Re:

Matthew Wilcox <willy@xxxxxxxxxxxxx> · Thu, 7 Mar 2024 23:02:46 +0000




On Thu, Mar 07, 2024 at 04:24:43PM +0000, Ryan Roberts wrote:
> > But if I run only with the deferred split fix and DO NOT revert the other
> > change, everything grinds to a halt when swapping 2M pages. Sometimes with RCU
> > stalls where I can't even interact on the serial port. Sometimes (more usually)
> > everything just gets stuck trying to reclaim and allocate memory. And when I
> > kill the jobs, I still have barely any memory in the system - about 10% what I
> > would expect.

(for the benefit of anyone trying to follow along, this is now
understood; it was my missing folio_put() in the 'folio_trylock failed'
path)

> I notice that before the commit, large folios are uncharged with
> __mem_cgroup_uncharge() and now they use __mem_cgroup_uncharge_folios().
> 
> The former has an upfront check:
> 
> 	if (!folio_memcg(folio))
> 		return;
> 
> I'm not exactly sure what that's checking but could the fact this is missing
> after the change cause things to go wonky?
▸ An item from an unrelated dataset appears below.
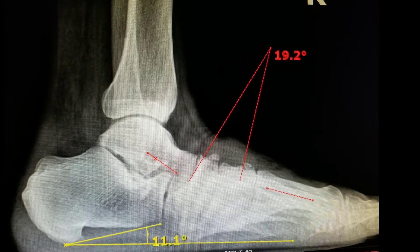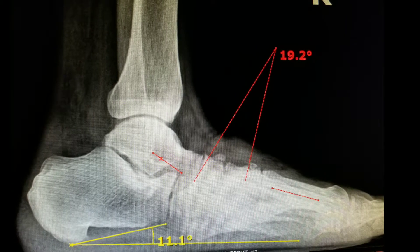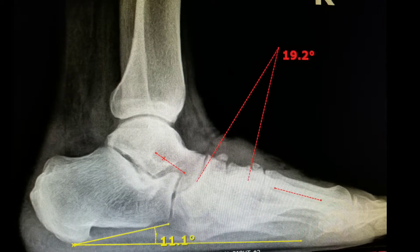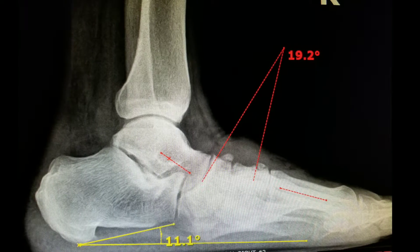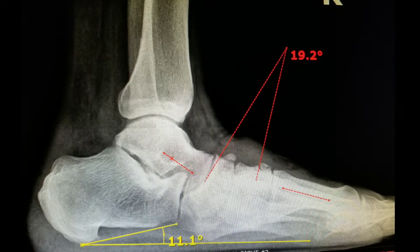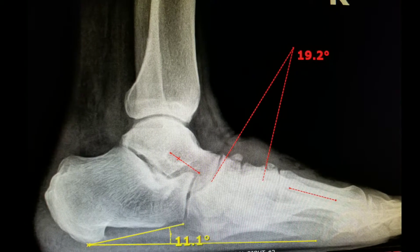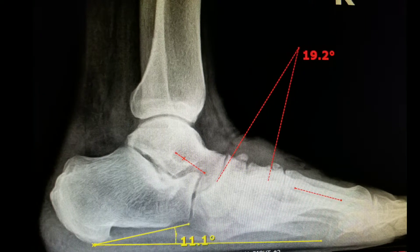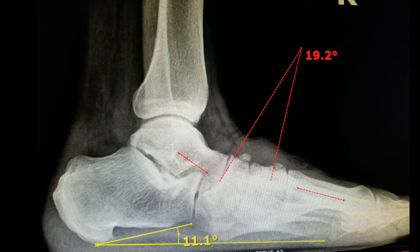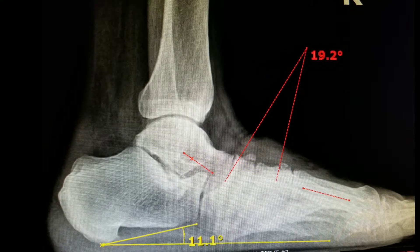When doing a Charcot foot reconstruction, one must consider all the angles and relationships of the bones, where to make the cuts in the bone, and the type of correction that needs to be obtained. Here, we use digital radiography to recognize Meary's angle as a 19.2 degree angle, which is significantly high in comparison to the norm, as well as a significant drop in the calcaneal inclination angle.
Honestly, I think that's stale.  uncharge_folio() checks the same
thing very early on, so all it's actually saving is a test of the LRU
flag.

Looks like the need for it went away in 2017 with commit a9d5adeeb4b2c73c
which stopped using page->lru to gather the single page onto a
degenerate list.  I'll try to remember to submit a patch to delete
that check.

By the way, something we could try to see if the problem goes away is to
re-narrow the window that i widened.  ie something like this:

+++ b/mm/swap.c
@@ -1012,6 +1012,8 @@ void folios_put_refs(struct folio_batch *folios, unsigned int *refs)
                        free_huge_folio(folio);
                        continue;
                }
+               if (folio_test_large(folio) && folio_test_large_rmappable(folio))
+                       folio_undo_large_rmappable(folio);

                __page_cache_release(folio, &lruvec, &flags);